_TASK TO COMPLETE_. Your answer must be the records below, repeated exactly, with every picture left out.

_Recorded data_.
--- START ---

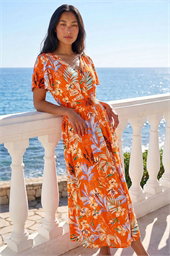 Petite Leaf Print Shirred Midi Dress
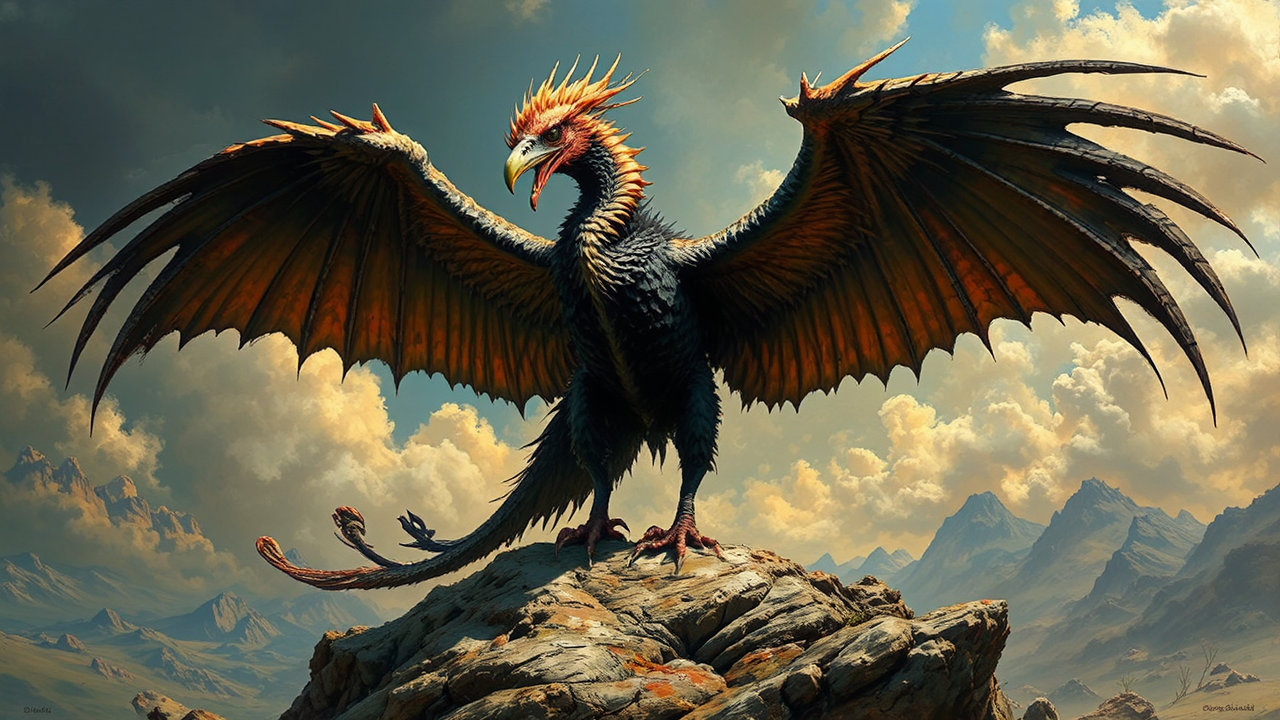 Vulture-dragon hybrid in fantasy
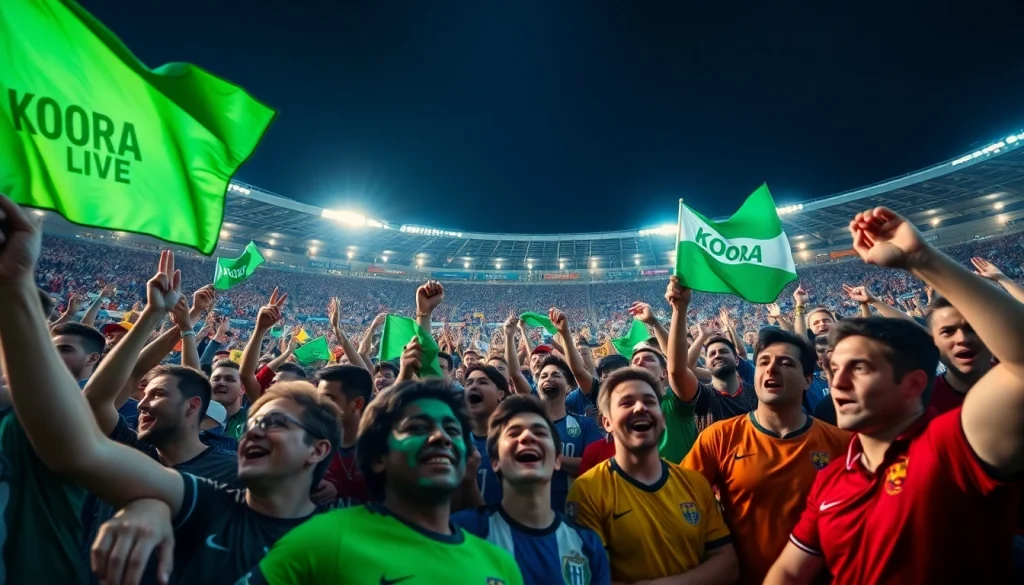 Experience the excitement of Koora live as fans cheer passionately during a football match.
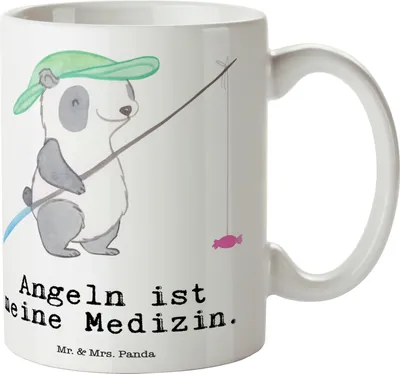 Produktbild von Mr. & Mrs. Panda Kaffeebecher Panda Angeln - Weiß - Geschenk, Kaffeetasse, Pott, bedruckt, Angelverein, Becher, Teetasse, gehen, Angelsport, Hobbyangler, Tasse, Angler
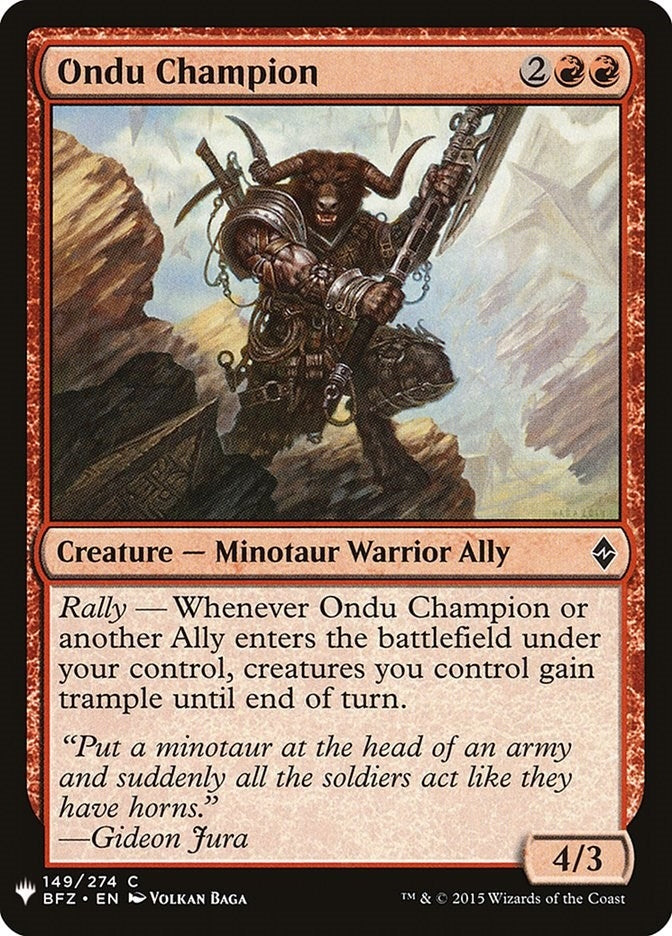 Image for Ondu Champion (149) (The List Reprints) - Magic: The Gathering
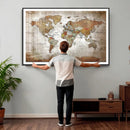Vibrant Watercolor World Map Canvas Wall Art – Framed Travel by MyGreatCanvas | Canvas Wall Art Prints | Photo Prints & Wall Decor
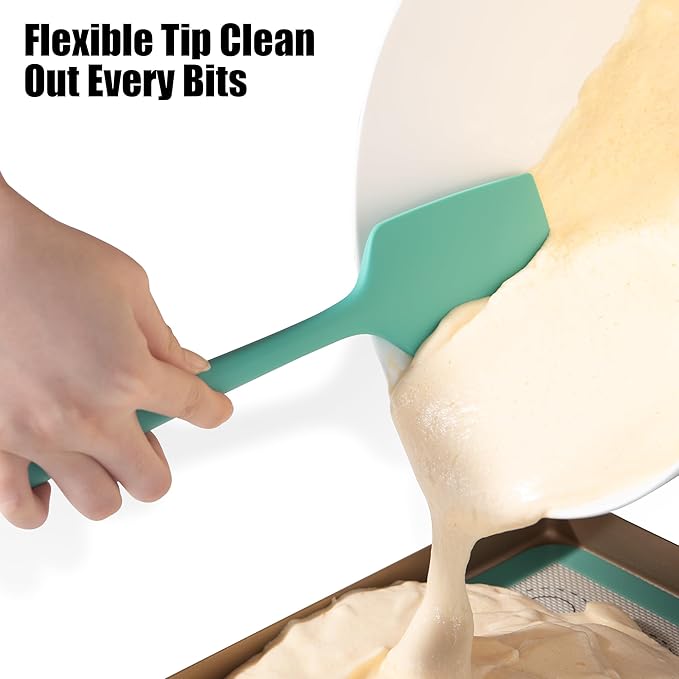 Doosu Silicone Scraper Spoon Spatulas, 600°F Heat Resistant BPA Free Rubber Flat Spatula, Kitchen Mixing Stirring Cooking Spoonula, Non-Stick Dishwasher Safe Baking Supplies (2 Pcs, Aqua+Red)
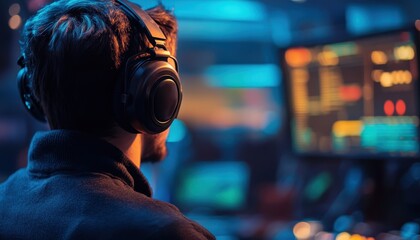 Quality assurance specialist analyzing call recordings in a modern workspace at night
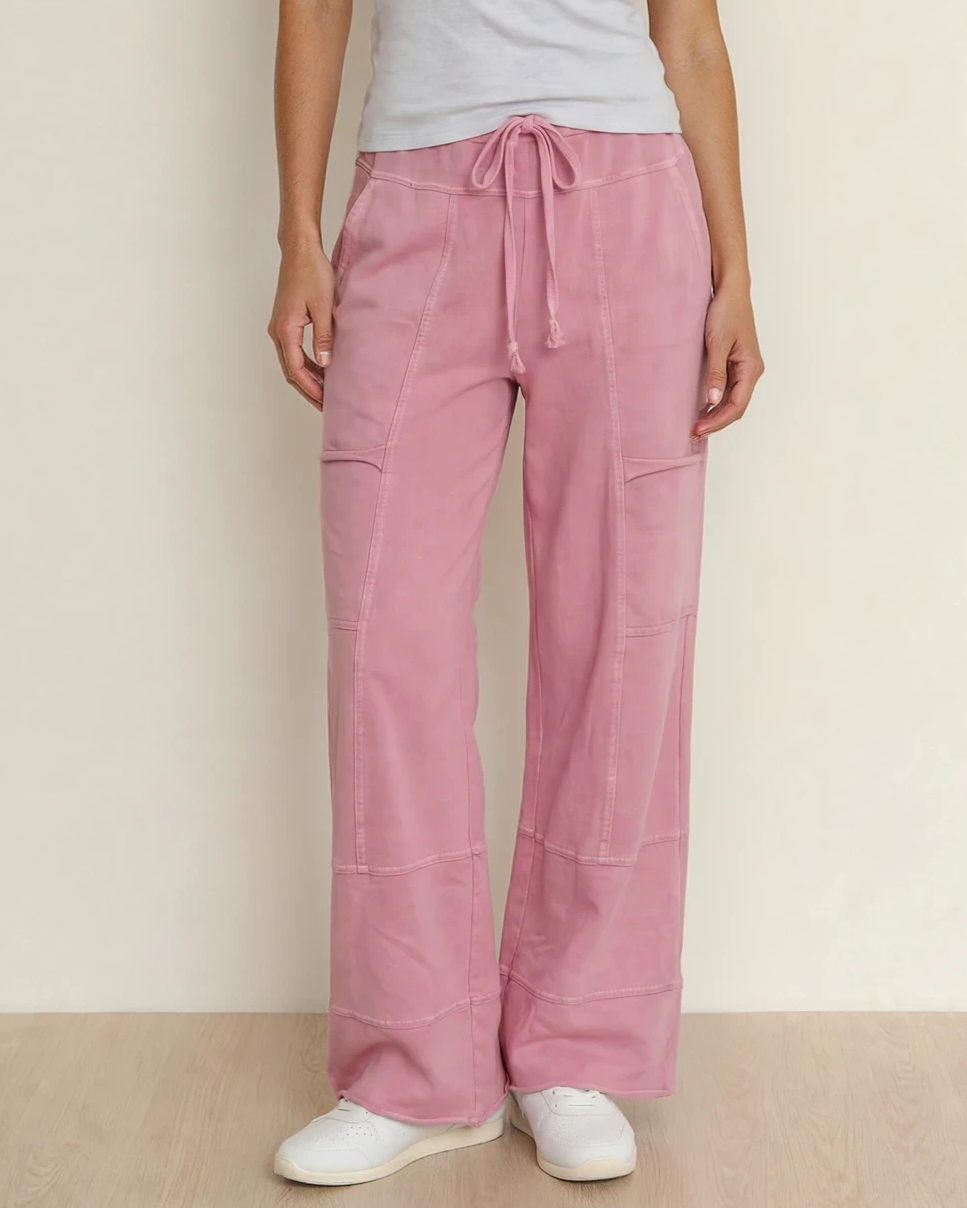Indie & Co. Hannah Mineral Wash Exposed Seam Wide Leg Cargo Pants - Bonbon in Bonbon view 2 - Pants Bonbon (bottom)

--- END ---

_SOLUTION TO THE PROBLEM_.
 Petite Leaf Print Shirred Midi Dress
 Vulture-dragon hybrid in fantasy
 Experience the excitement of Koora live as fans cheer passionately during a football match.
 Produktbild von Mr. & Mrs. Panda Kaffeebecher Panda Angeln - Weiß - Geschenk, Kaffeetasse, Pott, bedruckt, Angelverein, Becher, Teetasse, gehen, Angelsport, Hobbyangler, Tasse, Angler
 Image for Ondu Champion (149) (The List Reprints) - Magic: The Gathering
Vibrant Watercolor World Map Canvas Wall Art – Framed Travel by MyGreatCanvas | Canvas Wall Art Prints | Photo Prints & Wall Decor
 Doosu Silicone Scraper Spoon Spatulas, 600°F Heat Resistant BPA Free Rubber Flat Spatula, Kitchen Mixing Stirring Cooking Spoonula, Non-Stick Dishwasher Safe Baking Supplies (2 Pcs, Aqua+Red)
 Quality assurance specialist analyzing call recordings in a modern workspace at night
Indie & Co. Hannah Mineral Wash Exposed Seam Wide Leg Cargo Pants - Bonbon in Bonbon view 2 - Pants Bonbon (bottom)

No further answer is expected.